What this task involves: All lines below between the line with "T700 Frosted Surface" and the line with "대한항공 비즈니스 그라프(GRAFF) 파우치", including both, must be copied exactly, and the pictures must be omitted.

Material for the task:

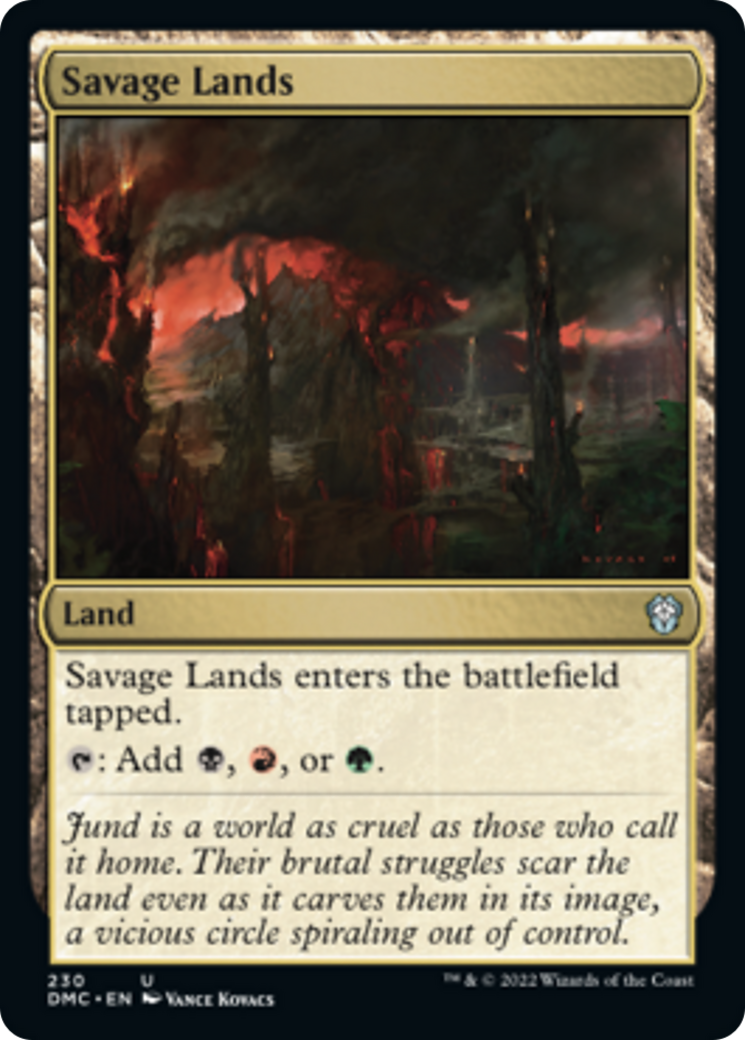 Savage Lands Card Image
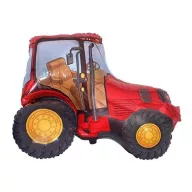 Traktor Red folijska balon 36 cm (WP)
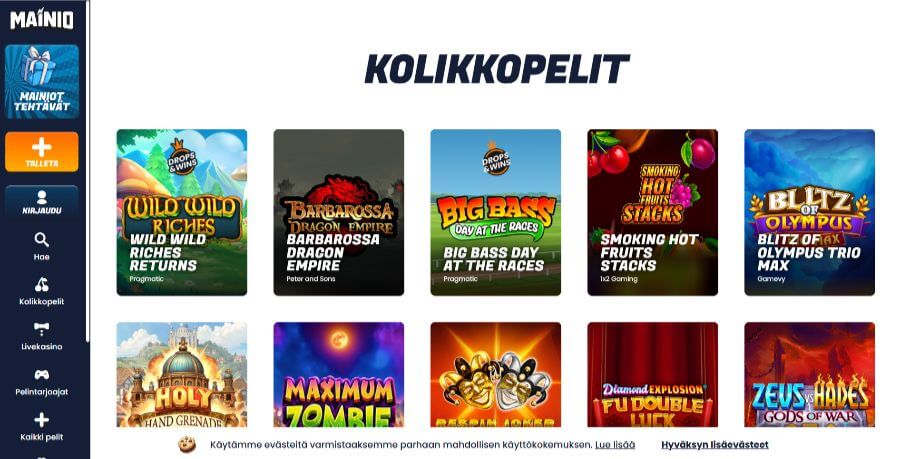 Mainio peliaula suomicasinocom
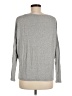 Eberjey Gray Long Sleeve Top Size M - photo 2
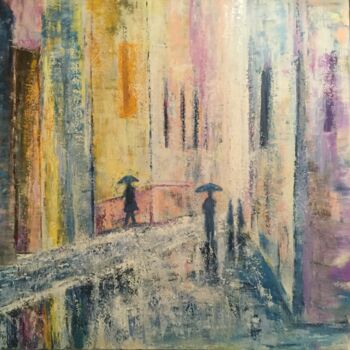 Peinture intitulée "Ré-création" par Anne Vignau, Œuvre d'art originale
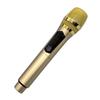 Home Wireless Microphone 1 for 1 30Hz To 20KHz Handheld Microphone with LED Screen for Outdoor Home Conference
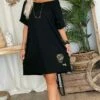 Petite Robe Solene Oversize Ultra-Light Noir -Vêtements Soldes 2024 2a76f641 f667 494f 9b0e 953c00ed3384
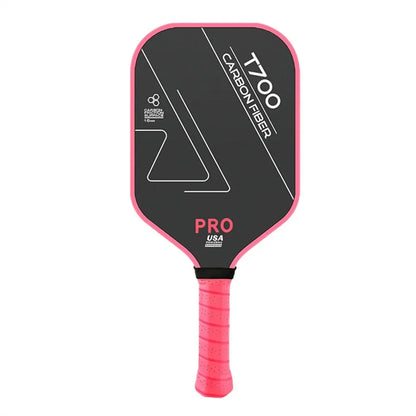 T700 Frosted Surface Carbon Fiber Pickleball Rackets | Lightweight USAPA Approved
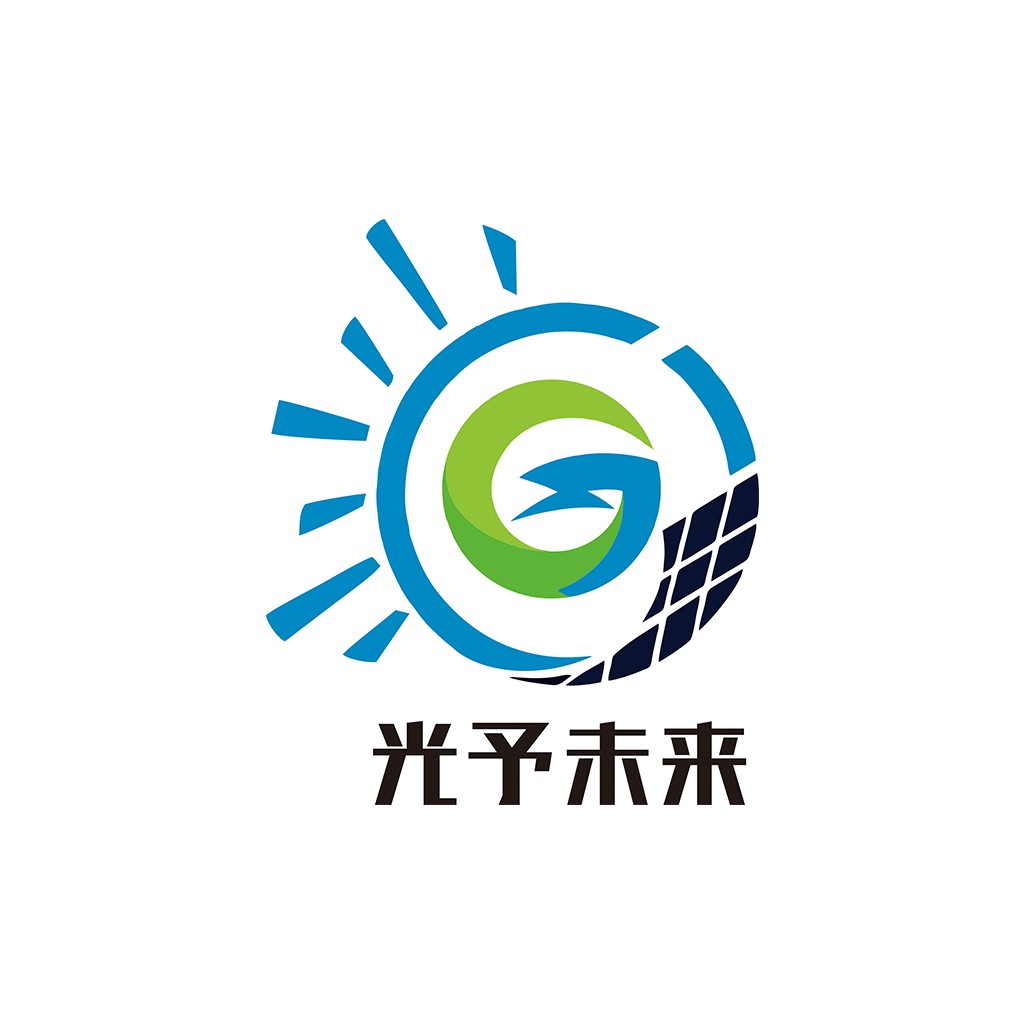 太阳能科技公司logo设计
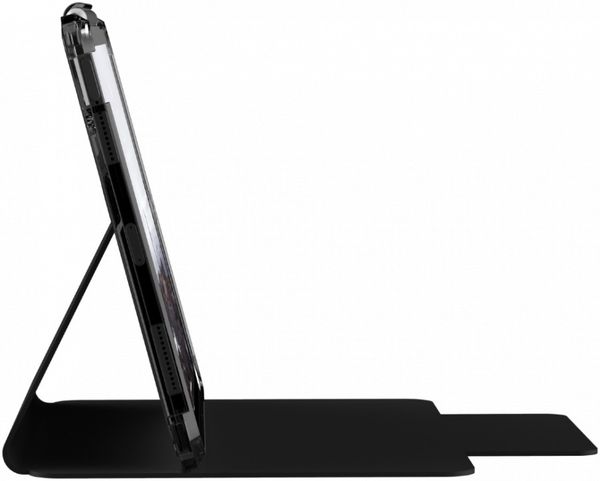 Чехол UAG Lucent для iPad Air 10.9" 2020/Pro 11" 1/2 поколений, черный/прозрачный (Black/Ice)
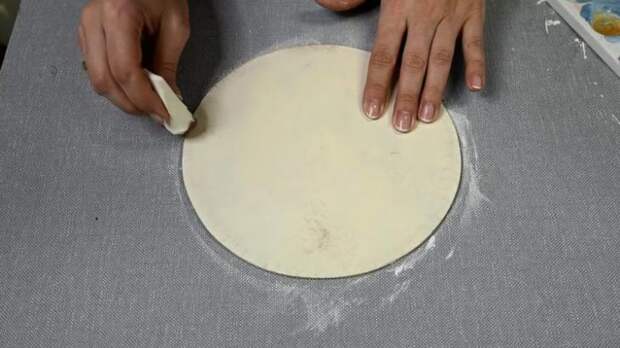 Красивые дизайнерские часы из ничего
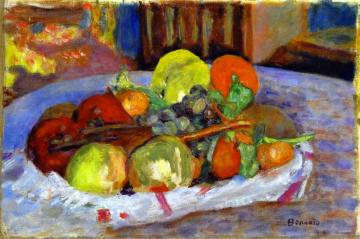 Still Life With Apples Artwork by Pierre Bonnard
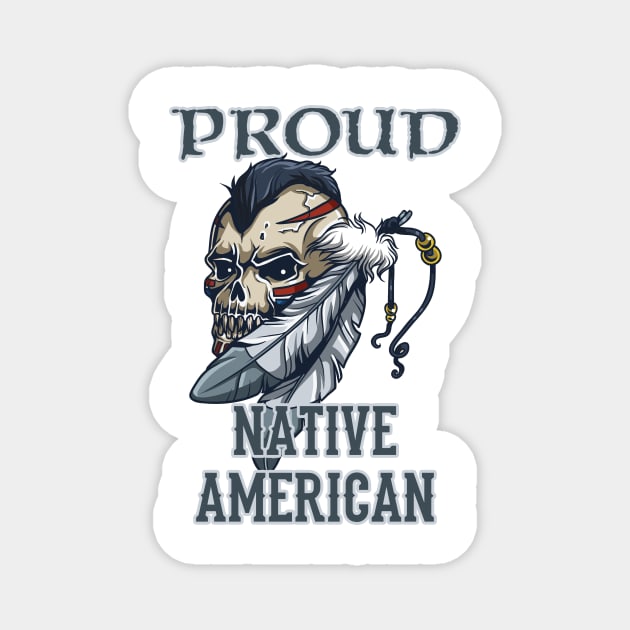 Proud Native American Magnet by Bethany-Bailey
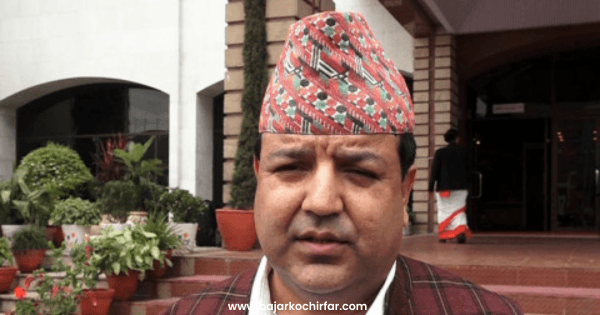 दुर्गा प्रसाईं पक्राउमा सांसद सुनिल शर्माको कडा विरोध, भने ‘यो चरम राज्यआतंक भयो’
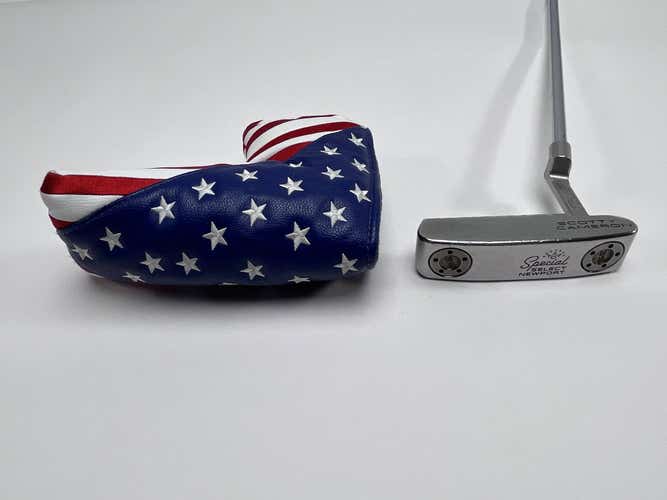 Scotty Cameron 2020 Special Select Newport Putter 34" Mens RH HC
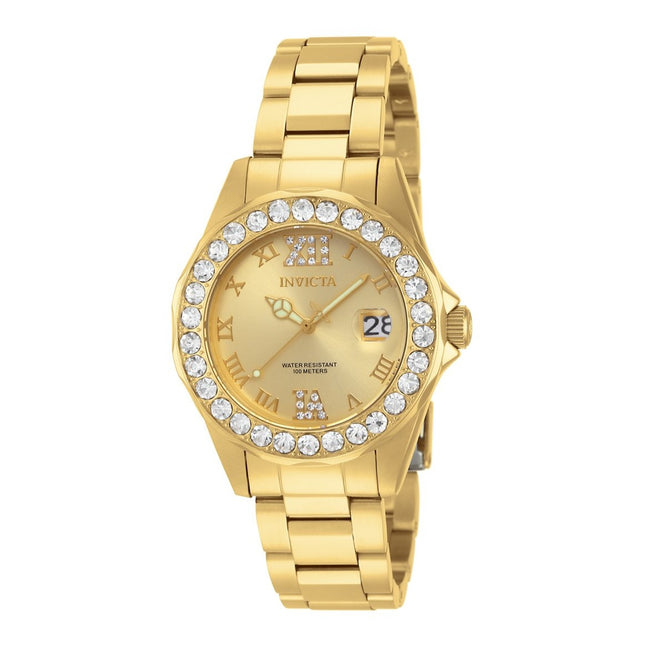 Invicta Pro Diver 15252 Women's Quartz Watch - 38mm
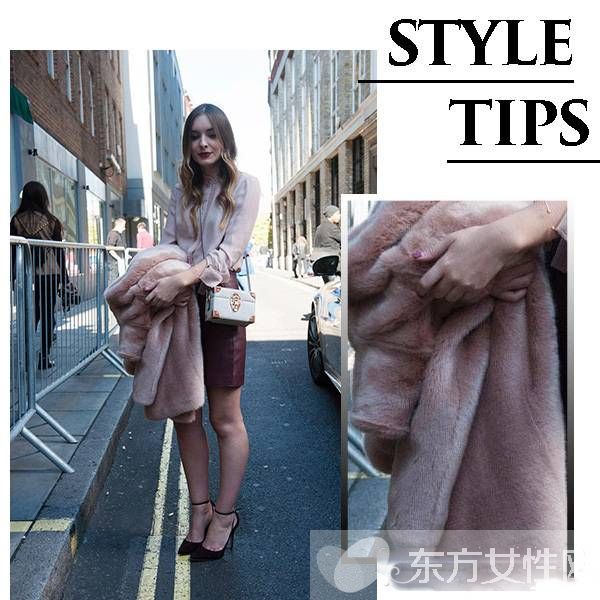 女装皮草的多种穿法推荐 这么穿不仅贵气还很潮哦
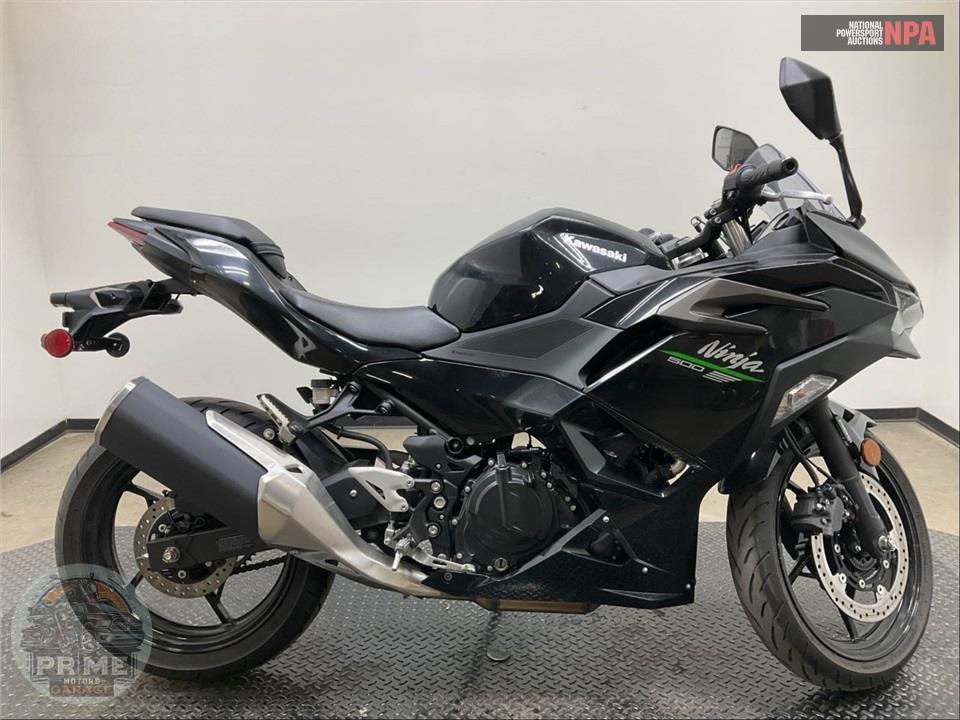 2024 Kawasaki EX500GRFNL NINJA 500 (ABS) — фото 1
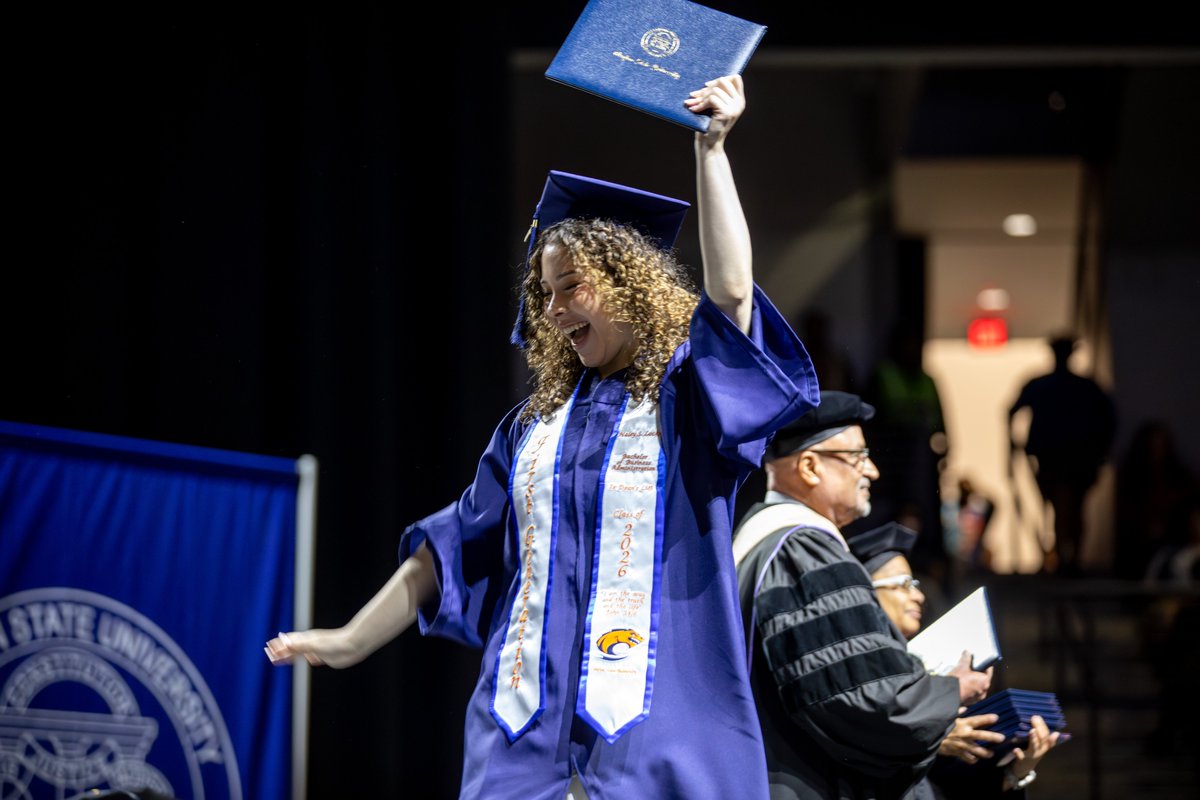 Clayton State University tweet media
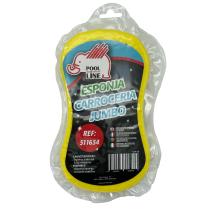 Pool Line 511654 - ESPONJA QUALITY CARROCERIA JUMBO COMPRIMIDA POOL CLEAN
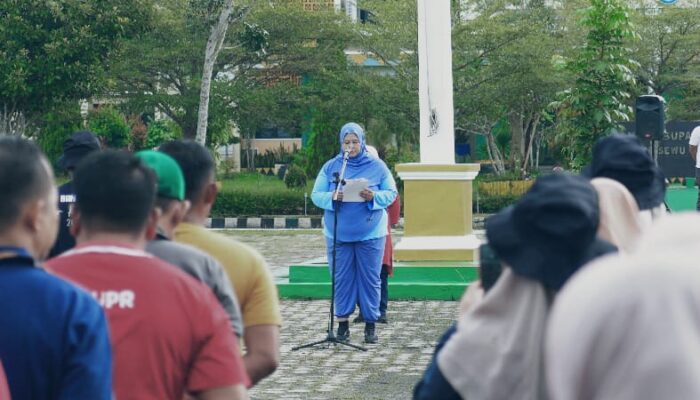 Wabup Pringsewu Imbau ASN Kurangi Penggunaan Plastik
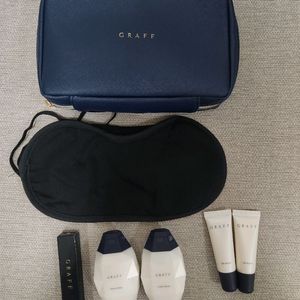 대한항공 비즈니스 그라프(GRAFF) 파우치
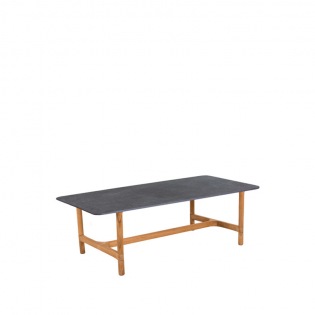 Cane-line TWIST Teak Couchtisch 120 x 60 cm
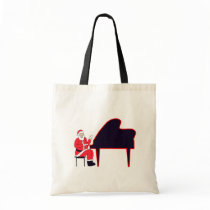 Santa at the keys bags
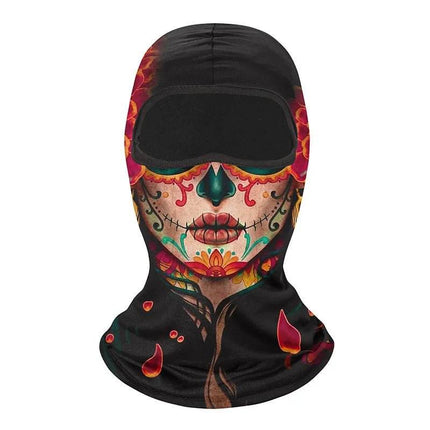 Quick Dry 3D Motorcycle Headgear Balaclava - Balaclava - YQUPFOEVER - Mad Fly Essentials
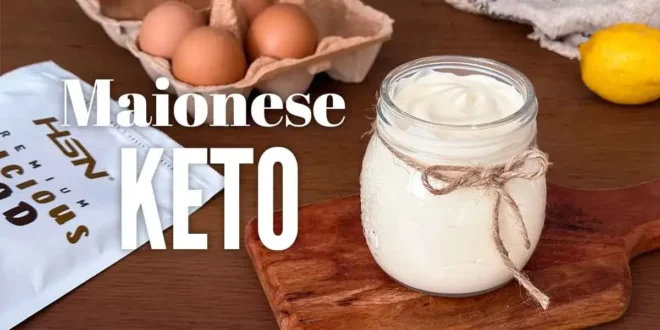 Maionese Keto Maionese Keto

Task result:
 T700 Frosted Surface Carbon Fiber Pickleball Rackets | Lightweight USAPA Approved
 太阳能科技公司logo设计
 Чехол UAG Lucent для iPad Air 10.9" 2020/Pro 11" 1/2 поколений, черный/прозрачный (Black/Ice)
 Красивые дизайнерские часы из ничего
 Still Life With Apples Artwork by Pierre Bonnard
 Proud Native American Magnet by Bethany-Bailey
 दुर्गा प्रसाईं पक्राउमा सांसद सुनिल शर्माको कडा विरोध, भने ‘यो चरम राज्यआतंक भयो’
 Scotty Cameron 2020 Special Select Newport Putter 34" Mens RH HC
 Invicta Pro Diver 15252 Women's Quartz Watch - 38mm
 女装皮草的多种穿法推荐 这么穿不仅贵气还很潮哦
 2024 Kawasaki EX500GRFNL NINJA 500 (ABS) — фото 1
 Clayton State University tweet media
 Pool Line 511654 - ESPONJA QUALITY CARROCERIA JUMBO COMPRIMIDA POOL CLEAN
 Wabup Pringsewu Imbau ASN Kurangi Penggunaan Plastik
 대한항공 비즈니스 그라프(GRAFF) 파우치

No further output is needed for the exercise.